Eppure non credo sia difficile capire che non si tratta di regole.
Vabbè, alzo bandiera bianca.



ursu-lab said:


> Montesacro, già da diversi anni le *norme editoriali* di *TUTTE *le case editrici italiane specificano che *si usa "ed" solo davanti a "e"*.
> Se hai lavorato presso qualche casa editrice sicuramente ti avranno consegnato un pacchetto di pagine con le norme editoriali: ecco, se cerchi bene, troverai la righina con la raccomandazione sull'uso della congiunzione "e".
> 
> Non è che sia sbagliato (tra l'altro, dove avrei scritto che è "sbagliato"? ), semplicemente non si usa più. E, se scrivi "ed", semplicemente* te lo tolgono* e mettono una bella "e".
> Quindi, nei libri pubblicati in italiano in formato cartaceo almeno degli ultimi dieci anni, *non *troverai da nessuna parte "Milano e*d* Ancona". Tutto qui.


 
Non si usa più? Non viene usato più da chi? 
Di chi stai parlando?
Ah, tu parli di "norme editoriali"... non lo avevi specificato prima.

Mah, cercando su google books la frase  "ed altro" (impostando la ricerca per libri pubblicati dopo il 2000) si ottiene un discreto numero di risultati.
Pare che la tua affermazione categorica
nei libri pubblicati in italiano in formato cartaceo almeno degli ultimi dieci anni, *non *troverai da nessuna parte "Milano e*d* Ancona". 
non trovi poi riscontro nei fatti.


----------



## Larroja

Montesacro said:


> nei libri pubblicati in italiano in formato cartaceo almeno degli ultimi dieci anni, *non *troverai da nessuna parte "Milano e*d* Ancona".
> non trovi poi riscontro nei fatti.



Sono d'accordo, direi anzi che non trova nessun risconto nei fatti. Le case editrici unificano con delle norme i testi che pubblicano, e la maggior parte ha probabilmente adottato la regola della d eufonica limitata all'incontro tra vocali uguali e ne chiede l'applicazione. Per mia esperienza, però, un conto è il libro tradotto, che la casa editrice tenderà a uniformare ai propri criteri, compresa la d eufonica, altro conto è il libro di uno scrittore italiano: ce ne sono di ottima penna e chiara fama che continuano a usare ed e ad con vocali diverse da e, a, e nessuno si permetterebbe di correggerli. 
Per finire, vi rimando a questa illuminante e spero definitiva pagina dell'Accademia della Crusca, dove si attesta l'uso della d eufonica con vocali uguali come "indicazione" corretta e coerente con un processo di semplificazione della lingua, ma non ancora strettamente normativa: ---> la d eufonica.


----------



## ursu-lab

Per esperienza personale, le case editrici per cui ho lavorato ( una decina, di cui tre appartenenti a grandi gruppi editoriali) avevano tutte inserito, nell'elenco delle norme tipografiche, la "regola" della congiunzione "e", aggiungendo le eventuali eccezioni limitate ad alcune locuzioni "intoccabili". Si trattava, come dice Larroja, di traduzioni in italiano da altre lingue. Nel caso di una "creazione" originale ( per es. anche un articolo) naturalmente è più difficile che modifichino il testo consegnato dall'autore.

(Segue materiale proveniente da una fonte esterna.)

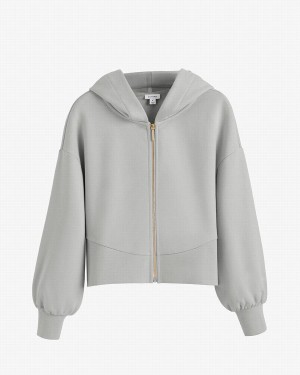 Cuyana Terry Zip Front Hættetrøje Dame Grå | PQU3367WR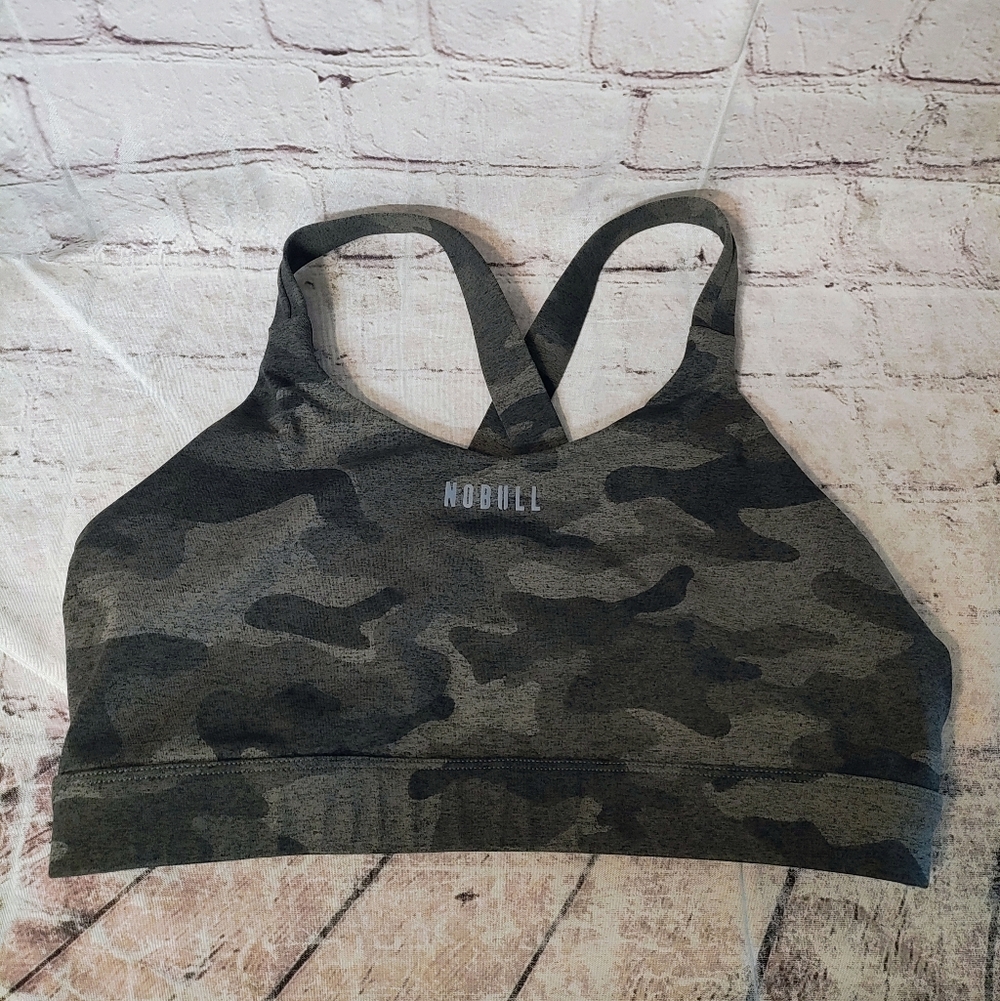 No Bull Women's Camo Grey Wire Free Low Back Sports Bra Running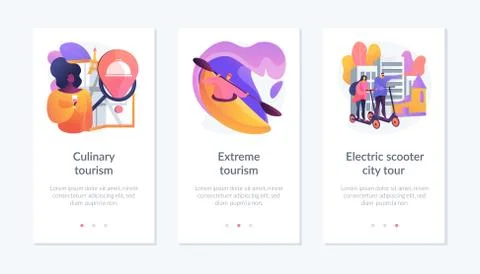 Adventure tourism activities app interface template. 스톡 일러스트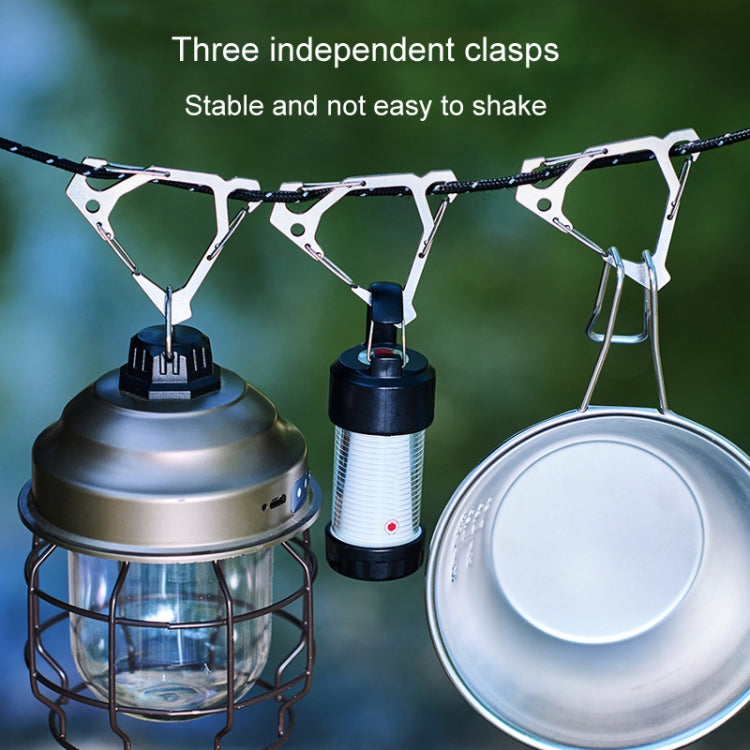 Outdoor Stainless Steel Hanging Buckle Multi-functional Portable Triangle Hook Multi-Hook Carabiner(White)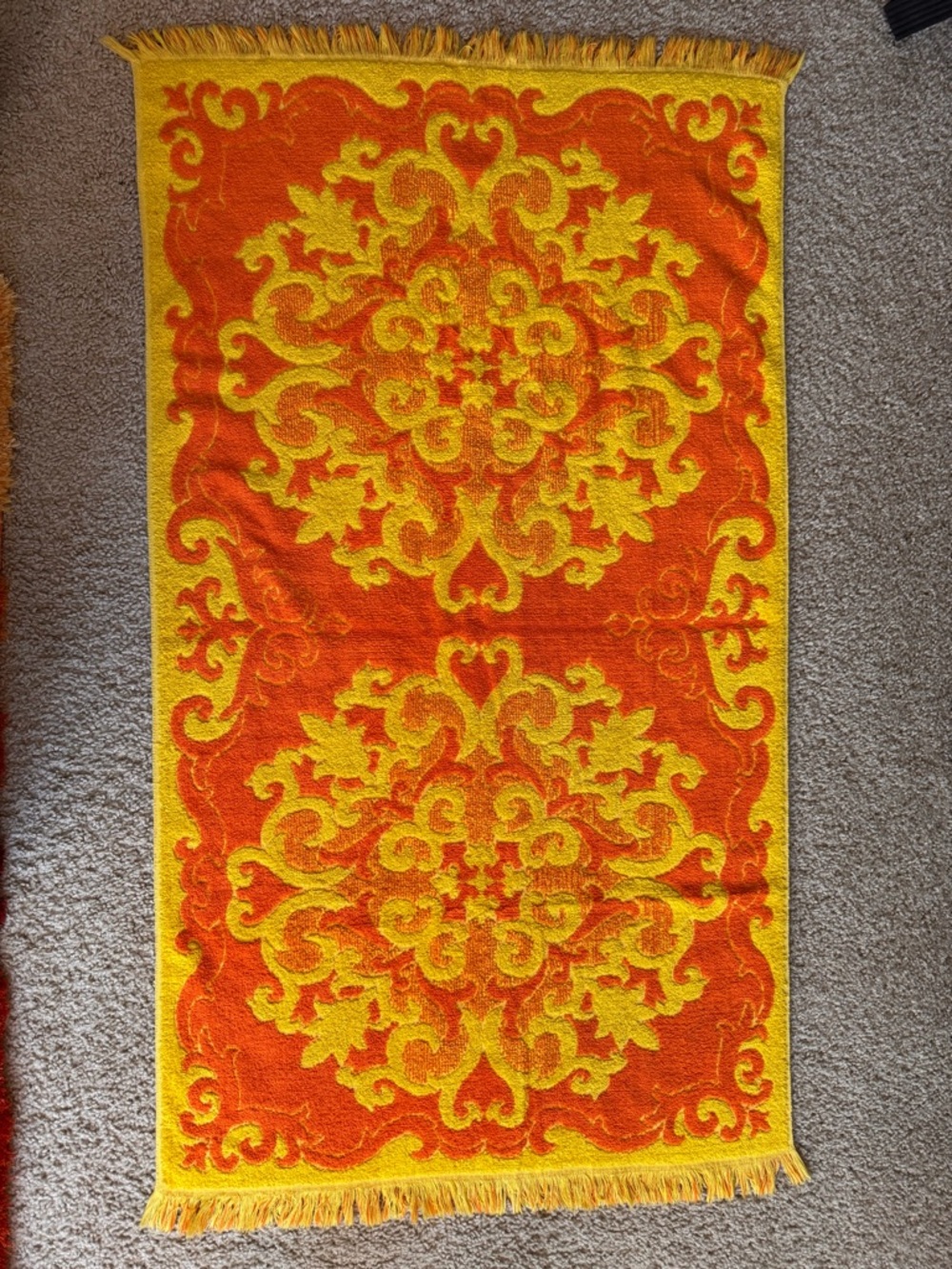 Vibrant Orange & Yellow Vintage Sears Bath Towel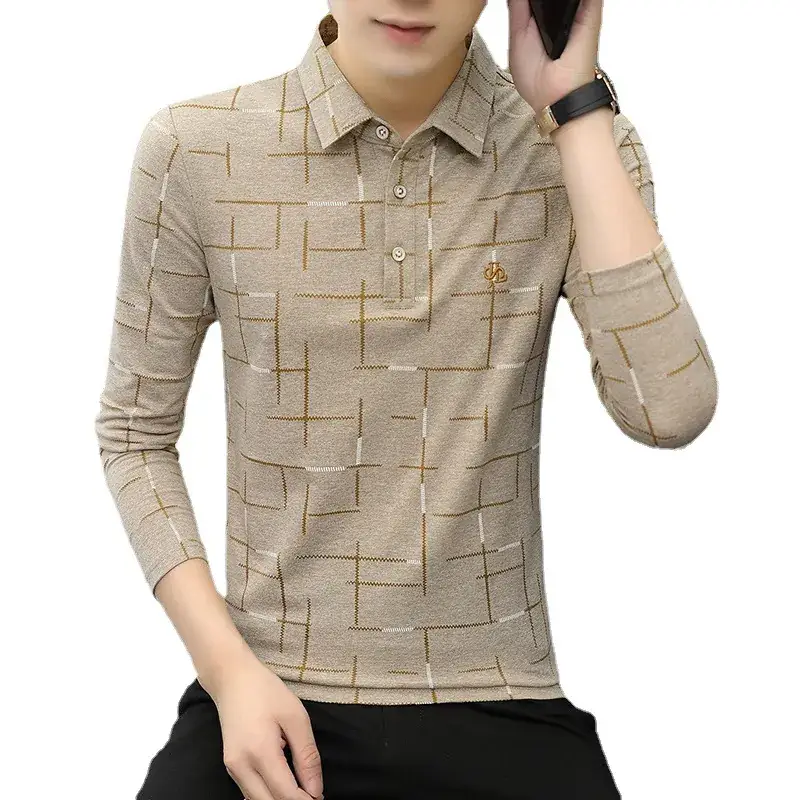 Men Long Sleeve Polo Shirt Pink Grid Ice Silk Pattern - Image 8
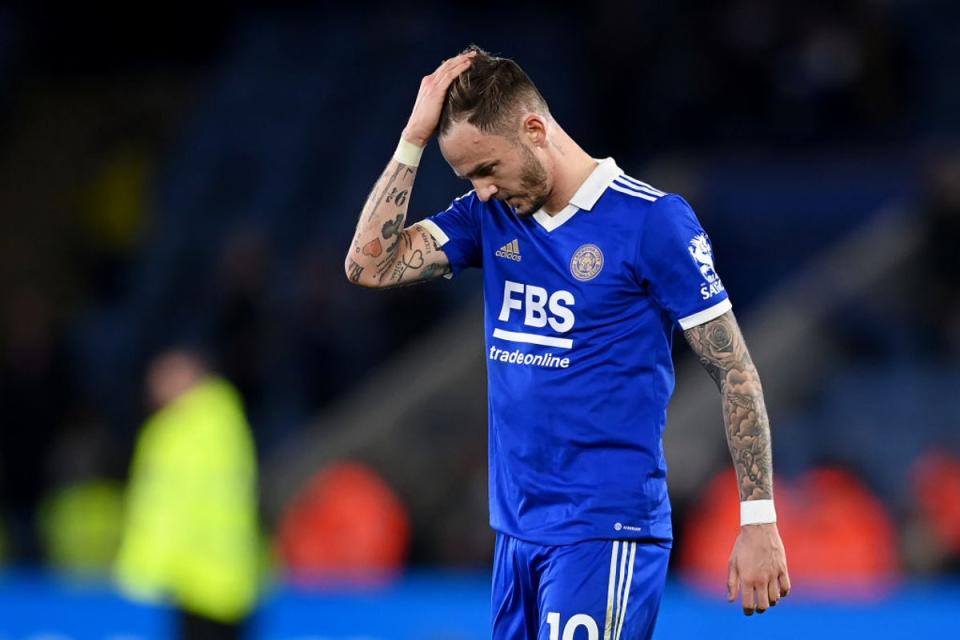 England’s James Maddison has been unable to steer Leicester to safety so far (Getty Images)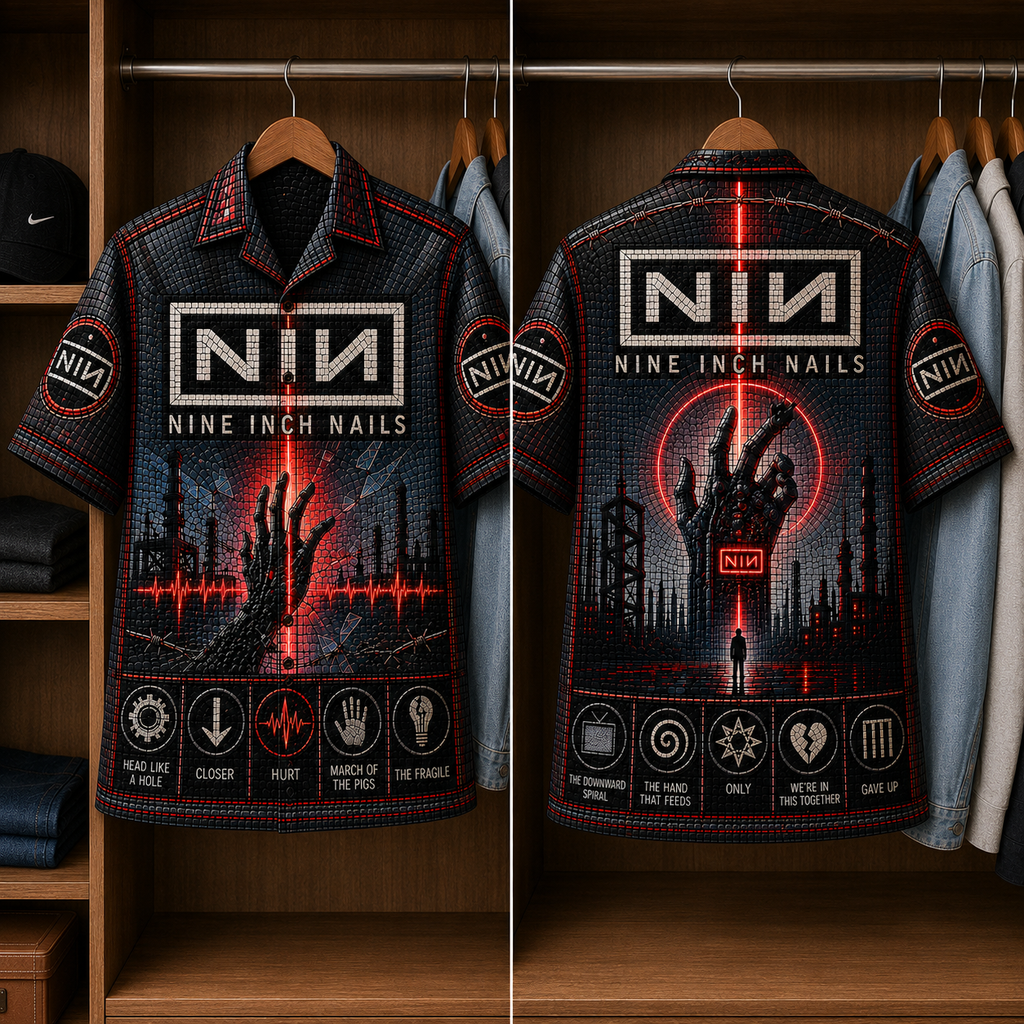 Nine Inch Nails Stained Glass Hawaiian Shirt - Unisex Music Collage Button Up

"... ed altro" fa parte di quel gruppo di locuzioni in cui il rimando al latino "et" (vd. articolo della Crusca) è più spontaneo e si tende a mantenere la "ed". Non ci trovo nulla di strano. Lo stesso discorso vale per finora/fino ad ora, a nessuno salterebbe in testa di scrivere "fino a ora" con 3 vocali consecutive... 
Per quanto riguarda altri usi più generici, cercando "ed Ancona" in "google books" dell'ultimo decennio (quando non sono atti di congressi, ricordiamoci che si tratta perlopiù di case editrici minori e di molte auto-edizioni, tra cui "semplici" tesi universitarie), risultano circa 150 occorrenze (alcuni dei risultati sono in altre lingue e in altri casi appare ed. Ancona nel senso di "casa editrice"). Di "e Ancona" ce ne sono circa 1400 (anche questi contati per difetto): dieci volte tanto.
Altro esempio banale, "ed Alberto" 754, "e Alberto" 11.000...

La domanda è stata rivolta da uno studente che studia l'italiano come *lingua straniera*, perché dovrebbe "perdere tempo" e imparare un uso generico che di fatto sta ormai scomparendo?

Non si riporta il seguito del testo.